------ Stored data
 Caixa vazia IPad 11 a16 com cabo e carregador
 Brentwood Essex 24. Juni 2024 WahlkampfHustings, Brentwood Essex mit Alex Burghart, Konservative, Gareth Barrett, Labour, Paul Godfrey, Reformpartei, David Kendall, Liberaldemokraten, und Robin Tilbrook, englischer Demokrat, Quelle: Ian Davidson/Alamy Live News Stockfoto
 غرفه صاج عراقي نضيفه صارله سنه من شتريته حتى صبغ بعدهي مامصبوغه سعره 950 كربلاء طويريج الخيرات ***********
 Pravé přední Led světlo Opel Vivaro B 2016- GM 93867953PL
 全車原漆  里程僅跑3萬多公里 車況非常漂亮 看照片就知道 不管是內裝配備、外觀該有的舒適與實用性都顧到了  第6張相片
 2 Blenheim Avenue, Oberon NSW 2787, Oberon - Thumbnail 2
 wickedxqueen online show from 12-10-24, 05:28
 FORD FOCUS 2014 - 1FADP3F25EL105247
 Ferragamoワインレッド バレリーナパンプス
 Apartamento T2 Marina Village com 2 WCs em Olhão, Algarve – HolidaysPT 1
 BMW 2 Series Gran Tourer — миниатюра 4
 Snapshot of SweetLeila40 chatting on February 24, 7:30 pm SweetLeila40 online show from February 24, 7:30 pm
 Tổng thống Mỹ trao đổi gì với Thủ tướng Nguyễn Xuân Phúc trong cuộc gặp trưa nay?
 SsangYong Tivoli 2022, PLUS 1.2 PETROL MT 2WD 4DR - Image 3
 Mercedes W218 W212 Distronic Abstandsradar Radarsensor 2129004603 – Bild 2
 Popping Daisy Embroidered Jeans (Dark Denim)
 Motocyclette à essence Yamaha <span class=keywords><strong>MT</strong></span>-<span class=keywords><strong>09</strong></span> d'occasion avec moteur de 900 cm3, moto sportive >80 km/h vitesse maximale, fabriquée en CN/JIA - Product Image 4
------------
• _Exercise goal_
The span to give again runs from the line with "BMW 2 Series Gran Tourer — миниатюра 4" through the last line of the records above; reproduce it exactly and nothing more.

• _Result for this exercise_
 BMW 2 Series Gran Tourer — миниатюра 4
 Snapshot of SweetLeila40 chatting on February 24, 7:30 pm SweetLeila40 online show from February 24, 7:30 pm
 Tổng thống Mỹ trao đổi gì với Thủ tướng Nguyễn Xuân Phúc trong cuộc gặp trưa nay?
 SsangYong Tivoli 2022, PLUS 1.2 PETROL MT 2WD 4DR - Image 3
 Mercedes W218 W212 Distronic Abstandsradar Radarsensor 2129004603 – Bild 2
 Popping Daisy Embroidered Jeans (Dark Denim)
 Motocyclette à essence Yamaha <span class=keywords><strong>MT</strong></span>-<span class=keywords><strong>09</strong></span> d'occasion avec moteur de 900 cm3, moto sportive >80 km/h vitesse maximale, fabriquée en CN/JIA - Product Image 4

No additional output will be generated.